Figure 6.

ILP1 Represses CYCA2 Expression in Arabidopsis.

(A) Semiquantitative RT-PCR analysis of cell cycle–specific genes. CYCD3;1, HISH4, CYCA2;1, and CYCB1;2 are G1-, S-, G2-, and M-phase-specific markers, respectively. ACT2 was used as a control. Numbers on left side indicate cycles of PCR.

(B) Real-time PCR analysis of CYCA2 gene family members. Expression levels of the CYCA2 family genes were normalized with ACT2 expression. Relative expression levels: expression levels of the CYCA2 genes in each mutant line and an ILP1-ox line relative to the wild type. RNA was isolated from 7-d-old dark-grown hypocotyls of ilp1-1D and ILP1-ox (top panel) and from 3-d-old dark-grown hypocotyls of ilp1-1 and ilp1-2 (bottom panel). The experiment was repeated four times.

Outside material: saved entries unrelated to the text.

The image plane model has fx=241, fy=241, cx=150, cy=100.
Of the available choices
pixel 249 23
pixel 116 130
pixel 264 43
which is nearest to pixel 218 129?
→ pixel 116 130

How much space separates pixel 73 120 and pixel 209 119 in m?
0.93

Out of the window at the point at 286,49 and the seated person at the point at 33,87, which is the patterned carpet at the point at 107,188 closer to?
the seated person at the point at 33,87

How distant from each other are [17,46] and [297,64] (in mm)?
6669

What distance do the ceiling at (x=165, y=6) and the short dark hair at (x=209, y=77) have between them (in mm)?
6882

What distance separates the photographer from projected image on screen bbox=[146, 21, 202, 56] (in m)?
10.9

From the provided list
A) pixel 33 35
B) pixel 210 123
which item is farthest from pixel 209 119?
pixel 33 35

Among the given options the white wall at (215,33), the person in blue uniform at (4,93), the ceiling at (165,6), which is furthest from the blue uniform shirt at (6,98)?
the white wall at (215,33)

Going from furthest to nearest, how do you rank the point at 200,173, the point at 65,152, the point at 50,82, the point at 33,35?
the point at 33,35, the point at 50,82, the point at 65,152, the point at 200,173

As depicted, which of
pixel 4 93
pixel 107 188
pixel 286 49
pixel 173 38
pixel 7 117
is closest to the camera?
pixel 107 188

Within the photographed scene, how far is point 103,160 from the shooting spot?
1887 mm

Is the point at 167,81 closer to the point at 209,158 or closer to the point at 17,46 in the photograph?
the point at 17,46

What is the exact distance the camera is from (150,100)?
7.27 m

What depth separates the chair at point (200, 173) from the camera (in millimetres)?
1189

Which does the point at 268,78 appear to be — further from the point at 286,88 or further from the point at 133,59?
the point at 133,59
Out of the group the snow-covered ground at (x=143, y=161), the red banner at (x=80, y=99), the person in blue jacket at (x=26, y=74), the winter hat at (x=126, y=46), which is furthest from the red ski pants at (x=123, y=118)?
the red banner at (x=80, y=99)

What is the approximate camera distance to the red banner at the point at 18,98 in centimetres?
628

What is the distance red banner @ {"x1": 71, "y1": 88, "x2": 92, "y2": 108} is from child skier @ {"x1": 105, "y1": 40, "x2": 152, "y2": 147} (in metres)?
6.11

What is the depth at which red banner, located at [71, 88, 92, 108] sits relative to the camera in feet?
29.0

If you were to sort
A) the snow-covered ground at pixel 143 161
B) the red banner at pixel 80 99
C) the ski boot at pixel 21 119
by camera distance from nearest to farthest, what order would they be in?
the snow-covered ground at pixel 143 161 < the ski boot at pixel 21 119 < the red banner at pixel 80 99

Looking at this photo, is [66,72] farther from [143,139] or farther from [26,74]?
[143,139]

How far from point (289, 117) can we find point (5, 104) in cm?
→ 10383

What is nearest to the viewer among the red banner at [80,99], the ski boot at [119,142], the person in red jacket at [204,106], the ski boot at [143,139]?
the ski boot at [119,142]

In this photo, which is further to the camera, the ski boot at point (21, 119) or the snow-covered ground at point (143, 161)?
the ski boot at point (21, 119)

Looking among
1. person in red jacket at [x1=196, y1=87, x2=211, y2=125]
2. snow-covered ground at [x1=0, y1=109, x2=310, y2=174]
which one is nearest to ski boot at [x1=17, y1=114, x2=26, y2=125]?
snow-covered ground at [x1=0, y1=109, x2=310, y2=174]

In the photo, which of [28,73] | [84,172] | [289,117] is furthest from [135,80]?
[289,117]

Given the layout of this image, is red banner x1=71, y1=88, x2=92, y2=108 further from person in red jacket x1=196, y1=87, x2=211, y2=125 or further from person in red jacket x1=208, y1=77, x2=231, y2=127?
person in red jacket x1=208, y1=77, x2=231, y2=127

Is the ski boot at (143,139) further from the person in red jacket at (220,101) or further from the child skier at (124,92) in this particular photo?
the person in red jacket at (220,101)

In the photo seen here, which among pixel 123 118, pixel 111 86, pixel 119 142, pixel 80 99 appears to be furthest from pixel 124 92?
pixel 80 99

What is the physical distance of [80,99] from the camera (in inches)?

(C) Real-time PCR analysis of ILP1 in the wild type (Col-0). The numbers indicate ILP1 expression relative to day 8. The experiment was repeated four times.

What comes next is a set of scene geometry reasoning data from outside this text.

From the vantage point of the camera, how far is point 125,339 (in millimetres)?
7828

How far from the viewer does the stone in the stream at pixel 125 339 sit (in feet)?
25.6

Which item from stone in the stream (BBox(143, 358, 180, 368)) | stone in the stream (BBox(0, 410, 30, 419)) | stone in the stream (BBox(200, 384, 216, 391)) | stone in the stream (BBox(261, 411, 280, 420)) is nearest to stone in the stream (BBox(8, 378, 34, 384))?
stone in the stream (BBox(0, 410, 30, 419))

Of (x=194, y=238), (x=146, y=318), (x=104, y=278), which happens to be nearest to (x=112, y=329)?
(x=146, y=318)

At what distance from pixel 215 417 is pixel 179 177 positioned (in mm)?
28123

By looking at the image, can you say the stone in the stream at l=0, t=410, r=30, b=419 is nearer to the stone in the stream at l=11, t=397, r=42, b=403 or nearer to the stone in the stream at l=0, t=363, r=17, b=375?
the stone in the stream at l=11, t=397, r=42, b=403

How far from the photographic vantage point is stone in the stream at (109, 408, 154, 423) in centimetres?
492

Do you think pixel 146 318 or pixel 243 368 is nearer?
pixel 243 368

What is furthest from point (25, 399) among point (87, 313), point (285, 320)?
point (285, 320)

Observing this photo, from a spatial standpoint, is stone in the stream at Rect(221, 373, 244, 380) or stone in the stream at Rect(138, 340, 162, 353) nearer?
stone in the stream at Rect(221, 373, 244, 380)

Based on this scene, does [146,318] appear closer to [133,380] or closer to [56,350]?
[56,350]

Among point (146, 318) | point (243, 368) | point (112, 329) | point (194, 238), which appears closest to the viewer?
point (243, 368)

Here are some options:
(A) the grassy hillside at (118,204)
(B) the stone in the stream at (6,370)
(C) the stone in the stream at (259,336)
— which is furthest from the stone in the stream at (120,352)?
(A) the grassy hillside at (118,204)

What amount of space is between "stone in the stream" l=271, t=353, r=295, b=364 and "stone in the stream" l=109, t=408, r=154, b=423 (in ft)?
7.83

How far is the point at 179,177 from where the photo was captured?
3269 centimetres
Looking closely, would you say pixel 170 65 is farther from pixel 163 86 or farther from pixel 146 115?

(D) Real-time PCR analysis of CYCA2 gene family members in first leaves of ilp1-1D and ilp1-2 at four developmental stages. Expression levels of the CYCA2 family genes were normalized with ACT2 expression. Relative expression levels: expression levels of the CYCA2 genes in each mutant line relative to the wild type. CYCA2;1 expression was not detected in the wild type and ilp1-1D after day 12. The experiment was repeated four times.

(E) Ploidy distribution patterns of first leaves of the wild type, ilp1-1D, and ilp1-2 at several developmental stages. The fraction of each ploidy was plotted as wild type (open circle), ilp1-1D (open square), and ilp1-2 (closed triangle). Isogenic wild-type siblings of ilp1-1D were used as the wild type. The same result was obtained from wild-type siblings of ilp1-2. The experiment was repeated three times.

Error bars in (B) to (E) indicate standard deviation.